記者会見

河野外務大臣臨時会見記録

(平成30年5月24日(木曜日)17時49分 於:メキシコ・メキシコシティ)

冒頭発言

 初めての中南米訪問の最後を締めくくる今日は,ビデガライ外務大臣と会談を致しました。ビデガライ外務大臣とは昨年9月の国連総会,それからブエノスアイレスのG20でお目にかかって三回目となります。会談では外交関係樹立130周年を迎えて基本的価値を共有する日本とメキシコが戦略的グローバルパートナーシップのもと,より一層関係を強化し連携していくことを確認致しました。特に,自由貿易の旗頭としてアジア太平洋地域において水準の高い貿易投資の枠組みを構築するためのTPP11を含め様々な連携をしてきている中で,参加国中一番乗りとなりましたメキシコのこのTPP11協定の承認を早期発効に弾みをつけるという意味から高く評価しているという旨,申し上げました。また,日本企業がグローバルな製造拠点として,メキシコに注目をしており,昨年の進出企業は1,182社に至っている,本当に密接な経済関係ができつつあるというふうに思います。大臣からはNAFTAの再交渉において日本企業の利益に配慮するというご発言もあり,私の方から感謝を申し上げました。その他,北朝鮮を含む国際情勢,あるいはベネズエラを筆頭とする地域情勢,あるいはAIなどを巡る問題について様々意見交換を致しました。今後メキシコと一層の連携をしていきたいというふうに思います。なお,トランプ大統領から金正恩委員長宛の書簡が発出されましたが,重要なことは米朝の首脳会談が開催されることそのものではなくて,この会談が核ミサイルそして,拉致問題が進展するそういう機会となることだと思います。引き続き日米,あるいは日米韓,連携をしてこの北朝鮮問題にしっかり当たって参りたいというふうに思います。私からは以上です。

質疑応答

【記者】北朝鮮問題,まさに米朝の首脳会談の関係でお伺いしますけれども,トランプ大統領として今回そういう判断をされたということに関して,率直にまずどういうふうに大臣として思われましたか。

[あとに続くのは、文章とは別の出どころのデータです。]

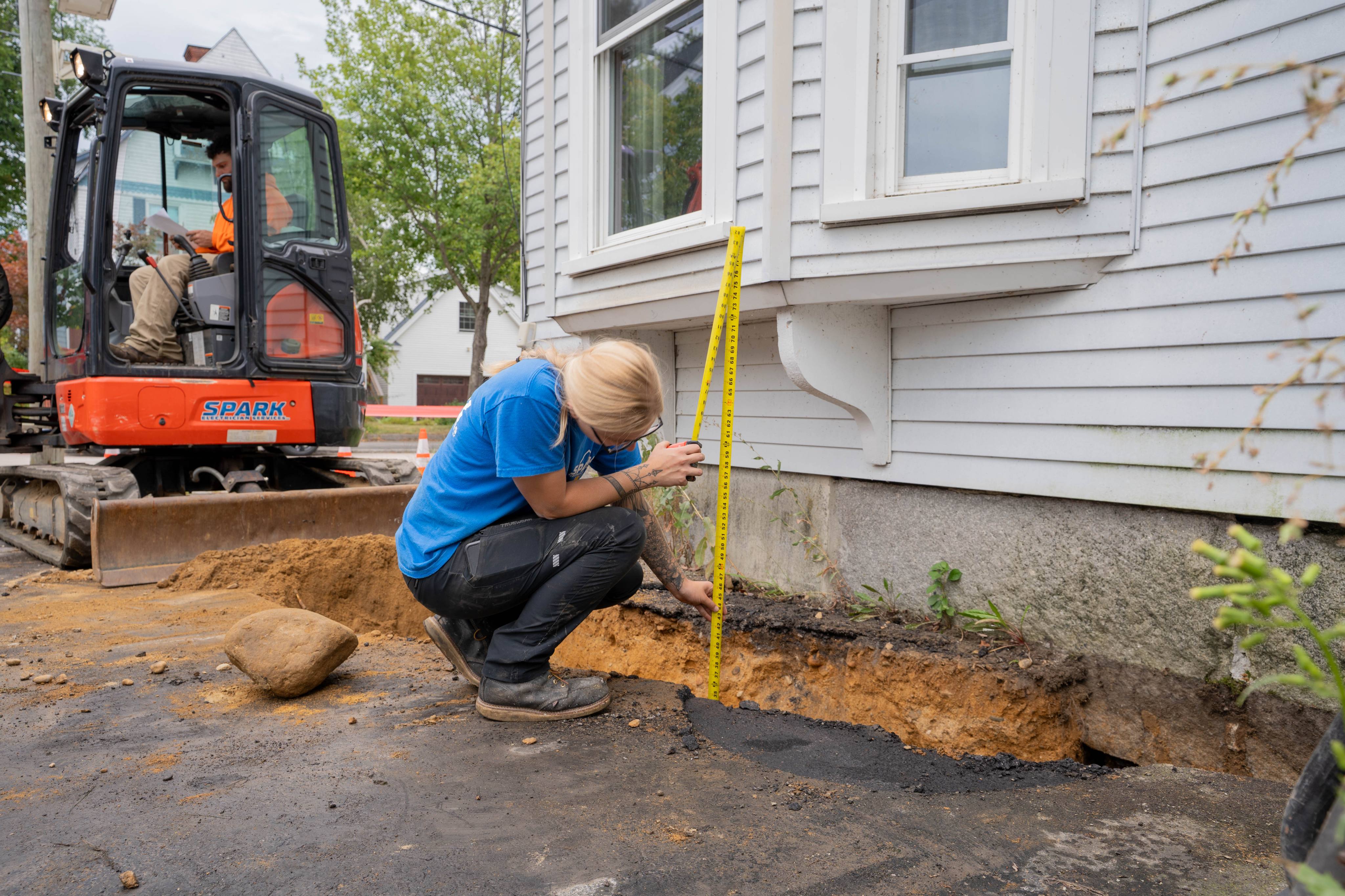 Excavating the service trench along the building
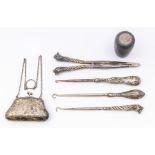 A collection of silver to include: monogrammed purse, three button hooks and glove stretcher, and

【河野外務大臣】会談をやって成果が出ないでは意味がありませんし,会談をネタに北朝鮮が様々なゲームを仕掛けてくるということでは,会談自体の意味がないんだろうと思います。北朝鮮の非核化に向けて,あるいは拉致問題の解決に向けて,しっかりした首脳会談ができるように日米連携をしてまいりたいというふうに思います。

【記者】この間,北朝鮮側から非難であるとか,そういった言葉の応酬みたいなのもあったというのをアメリカ政府,ポンペオ長官,おっしゃってましたけれども,非核化ということに関して言えば,完全な非核化を求めているものの実現が遠のいたと,そういうふうにお感じになりますか。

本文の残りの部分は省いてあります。